▶ **PROBLEM DETAILS**:
Every line from the one with "Comment Riyad a" through the end of the entries below should be written out exactly; the pictures should not.

LISTED ENTRIES below:

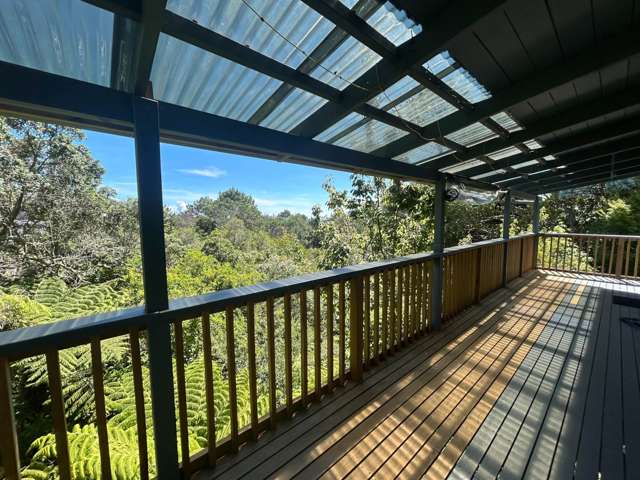 1 Dalmeny Close Murrays Bay_2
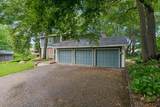 8440 Bayridge Lane - Photo 1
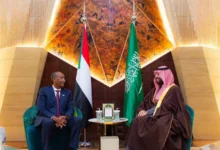 Comment Riyad a contribué à prolonger la guerre au Soudan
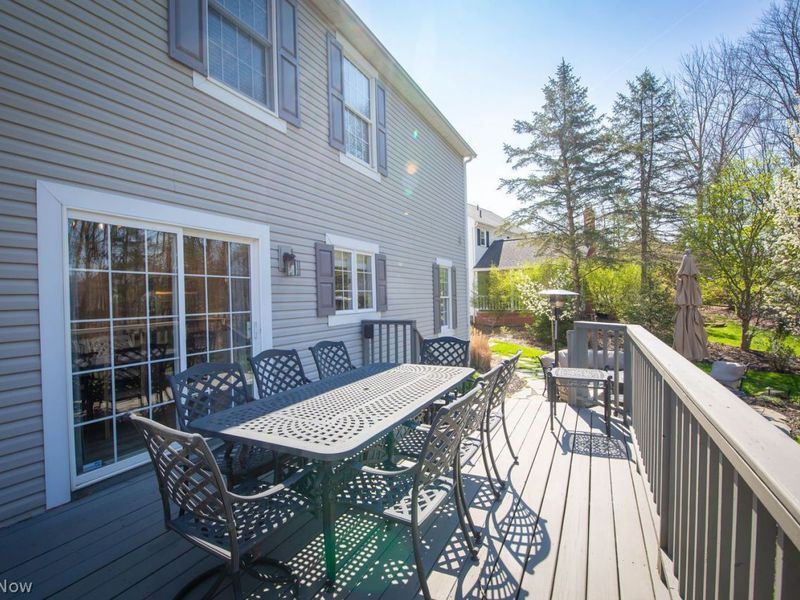 715 Lake Trail, Aurora, OH 44202 Photo 39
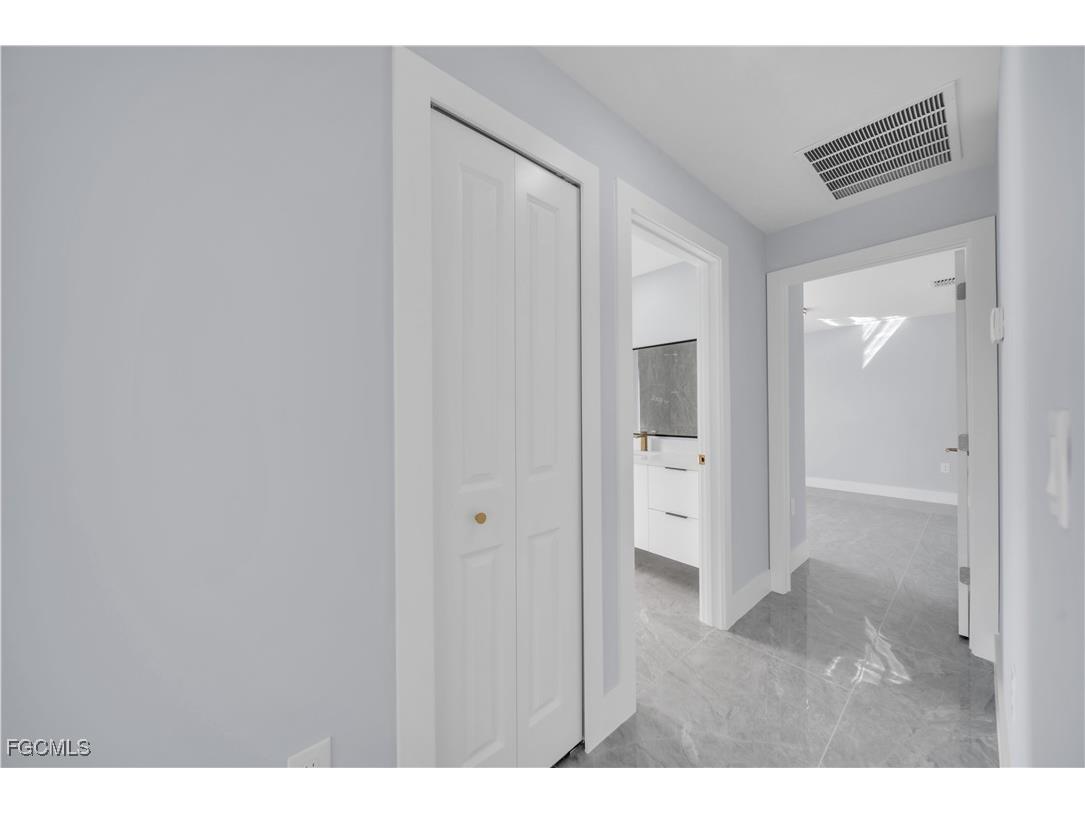 312 Pembroke Street Lehigh Acres FL 33974 2025019750 image31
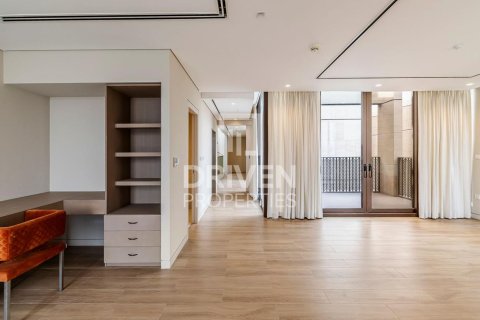 5 bedrooms Villa in Jumeirah Bay Island, UAE No. 83961 27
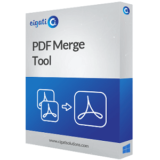 63% Off Cigati PDF Merge for Windows Coupon Code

End of LISTED ENTRIES.

▶ **RESPONSE BOX**:
 Comment Riyad a contribué à prolonger la guerre au Soudan
 715 Lake Trail, Aurora, OH 44202 Photo 39
 312 Pembroke Street Lehigh Acres FL 33974 2025019750 image31
 5 bedrooms Villa in Jumeirah Bay Island, UAE No. 83961 27
 63% Off Cigati PDF Merge for Windows Coupon Code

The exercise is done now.